**Records:**
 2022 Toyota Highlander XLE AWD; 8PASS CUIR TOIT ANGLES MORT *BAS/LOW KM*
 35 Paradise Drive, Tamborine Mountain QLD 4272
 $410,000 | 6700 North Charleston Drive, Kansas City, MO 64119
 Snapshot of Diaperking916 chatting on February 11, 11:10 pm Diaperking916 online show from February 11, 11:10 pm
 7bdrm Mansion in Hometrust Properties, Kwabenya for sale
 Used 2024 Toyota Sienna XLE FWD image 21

**What you should do:** The required answer is each line of the entries containing the string "Drive".

**Result:**
 35 Paradise Drive, Tamborine Mountain QLD 4272
 $410,000 | 6700 North Charleston Drive, Kansas City, MO 64119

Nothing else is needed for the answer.